This got me thinking about the 1PPS signal and the interrupt it is triggering. I looked around on the internet and saw some people had done some testing which suggested the time for an interrupt to fire is ~1us, that’s 1 microsecond or 1/1000000 of a second. When measuring something which happens 10 million times per second, this is much too big of a margin, so I decided to see if I could improve on it.
Using PIO for 1PPS
I wanted to see if I could use PIO to shorten the time between the 1PPS rising edge being detected and the pulse count snapshot being taken. The PIO state machines execute one instruction every clock cycle, so theoretically we can reduce the time between the rising edge being detected and action being taken to 8x10-9 seconds or 8ns (at a clock speed of 125MHz).
My approach was to have the original pulse counting PIO state machine continue, but instead use the DMA channels to push the pulse count into the FIFO input register of another state machine. This second state machine waits for the 1PPS pulse and when it sees it, pushes the latest pulse count back to the CPU and raises an IRQ which the CPU responds to process the latest data.
.program pps
main:
pull noblock ; get inbound data if it is there
jmp pin trigger ; jump to trigger if signal pin is high
jmp main ; go back round the loop as pin is low
trigger:
mov isr osr ; move value from OSR (which is the pulse count sent from the other SM via DMA)
push noblock ; push ISR to CPU
irq set 0 ; set IRQ so CPU can handle the PPS
wait_for_low:
pull noblock ; pull again if inbound data is there
jmp pin wait_for_low ; if pin is still high then keep waiting to go low
jmp main ; pin is low, we start again
I wrote the PIO code to run at the same rate as the pulse counting state machine so that there are no issues with data backing up on the DMA channel between the two state machines. I did this because the DMA channel between the two state machines needs to be paced based on the slower of the two machines.
The results of this code are much better than the implementations which used normal interrupts for the 1PPS signal:
Adding a 10-second moving average shows the result over 10 seconds is very close to 10MHz:
The final set of code is here: https://github.com/richardjkendall/rp2040-freq-counter/tree/main/pio-pps
Displaying the results
The code writes the output to the serial port (using printf
) so it can be logged, and it also writes to a simple 16x2 LCD display. The display output shows the current instantaneous frequency value as well as an average of the last 10 readings.

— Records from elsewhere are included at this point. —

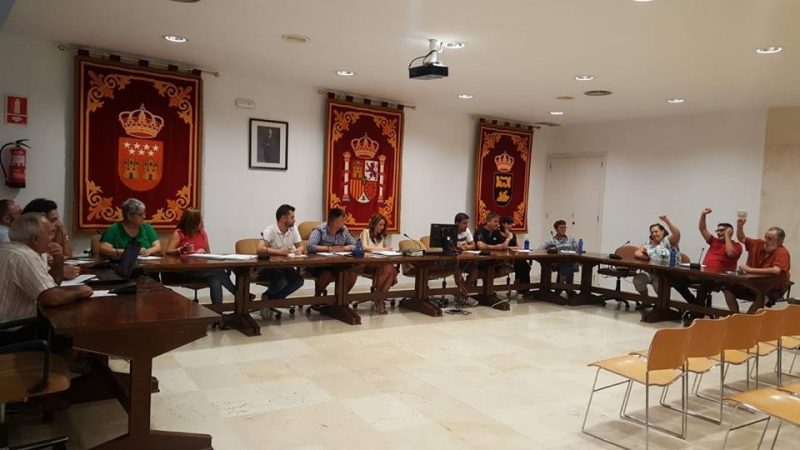 Pleno de San Martín de la Vega.
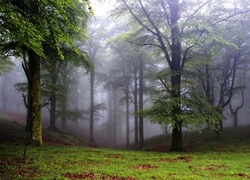 Park, Drzewa, Mgła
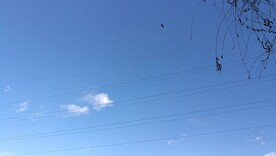 蓝天和电线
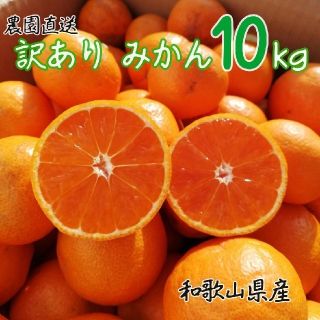 【農園直送】和歌山産みかん 訳あり10㎏(フルーツ)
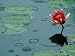 Raindrop Patterns Imitate Lily Pad on Laurel Lake, near Bandon, Oregon, USA Photographic Poster Print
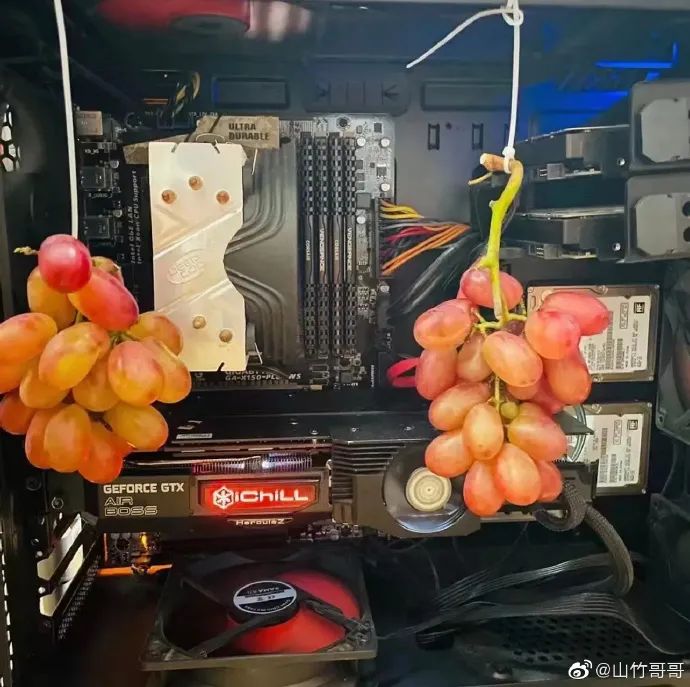 轻松一刻午间版:做鸡很难,但你以为做鸭就容易吗? 轻松一刻午间版:做鸡很难,但你以为做鸭就容易吗?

The display is based on the very common Hitachi HD44780 controller, which implements a simple protocol for sending display commands and data in a 4 or 8-bit format. I have implemented a very simple library to connect to this display (see lcd.h
and lcd.c
in the pio-pps code example).
Conclusion
I’ve ended up with a fairly accurate frequency counter (as much as I can test without an expensive 3rd party frequency counter) where all the counting work is being done outside of the CPU, with the CPU only being involved to set up the PIO and DMA and then displaying the outputs on the LCD and via the serial port. Pushing the time sensitive work to the deterministic PIO blocks gives it a reliability you’d not find when using a CPU which may be dealing with other workloads and interrupts.
My next step is to expand this to start measuring time error between two clock sources, and what I’ve done to build this frequency counter will form the basis of how that works.
-- Richard, Feb 2023